Why successful cloud migration requires a change of mindset
In a time where hybrid working became an established part of everyday life, business continuity has been defined by the transition from on-premise to cloud computing. It’s difficult to find businesses that think otherwise about the safety net that is the cloud, now that so...
In a time where hybrid working became an established part of everyday life, business continuity has been defined by the transition from on-premise to cloud computing. It’s difficult to find businesses that think otherwise about the safety net that is the cloud, now that so much of the population conducts business operations from their own homes. Yet, many businesses are jeopardising their cloud success, and falling short of the ultimate goal of improved agility and efficiency, in their haste to adopt cloud data platforms.
Even now, organisations are still getting to grips with vast volumes of data and complex data sources.

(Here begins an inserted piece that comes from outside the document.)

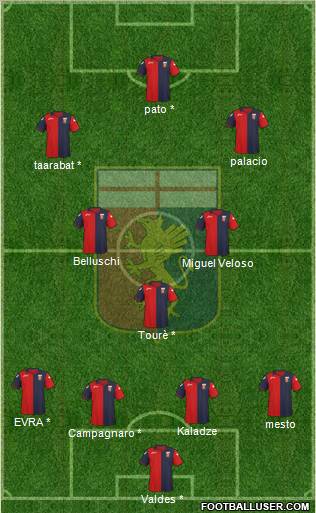 Genoa Formation 2012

Despite the best intentions, many are leading with the misconception that successful cloud migration depends solely on technology. Mindset isn’t always the first predictor of cloud success that comes to mind, in reality the success of a cloud transformation depends on the attitudes of an organisation’s IT leaders, and more importantly their willingness to adapt, as much as on the technologies they are investing in.
The bottom line is, if you want to change your organisation, you have to re-evaluate the role and value of technologies. This rings true for most digital transformations, but is especially true when driving organisational change through data analytics. With that in mind, I wanted to take this opportunity to debunk some common misconceptions surrounding cloud migration, and outlined what best practice looks like when it comes to altering an established cloud mindset.

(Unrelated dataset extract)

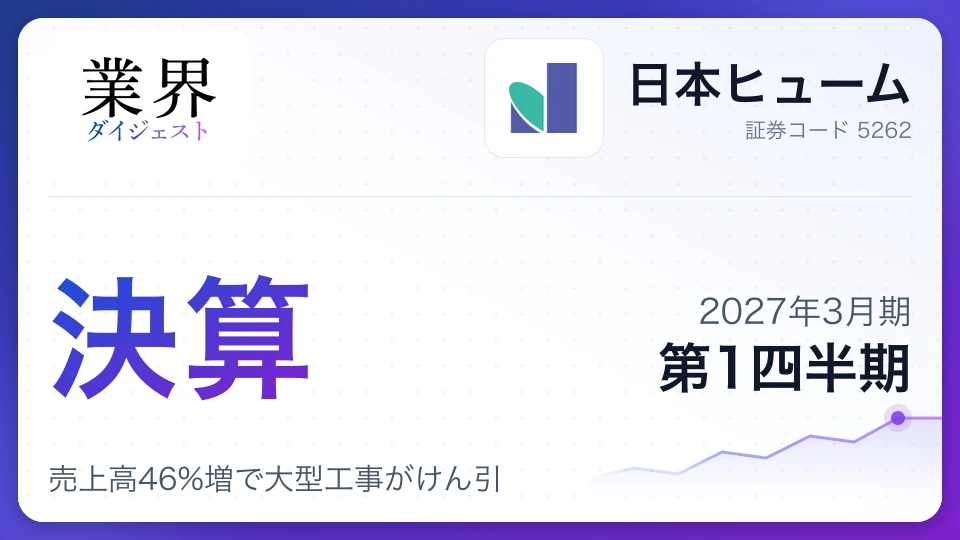 日本ヒューム、2027年3月期第1四半期決算、売上高46%増で大型工事がけん引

Focusing on outcome rather than output
Many business leaders, struggling to move from a process-focused mentality to data-focused mentality, are experiencing disconnect in how to approach analytics. The main misconception is that simply copying data into the cloud is the quickest fix for solving integration and analytics problems. In fact, the key to unlocking scalability lies in moving storage and processing to the cloud, but it won’t generate insights if it’s kept in the same silos in a cloud environment. Such a process-centric view can lead to a proliferation of data that is collocated but not integrated.
Organisations need to think beyond “just get it into the cloud”, and take a more strategic, data-centric approach to the cloud transformation process. Shifting their view of technology from static to dynamic should allow IT leaders to derive more actionable insights that can elevate customer experiences, improve efficiencies, and better manage resources. Once we view data as a standalone, valuable entity instead of something that is simply a byproduct or the work we undertake, organisations will begin to see change.
Technology isn’t the only consideration
Possessing the right data tools is mission-critical to a successful data migration strategy. There are hundreds of cloud data services to choose from, and IT leaders are persistently tasked with assessing the different functionalities on the market in the aim of finding the right solution from a sea of options.
Most are typically inclined to opt for the latest – but not necessarily the greatest – tools, assuming they will bring them business success. But much like the confines of process-focused thinking, many come up short because they invest too much time trying to tap into the latest features, rather than focusing on the necessary requirements. Success shouldn’t be defined by brand reputation or price tag if the business is not making smart decisions with the resulting data.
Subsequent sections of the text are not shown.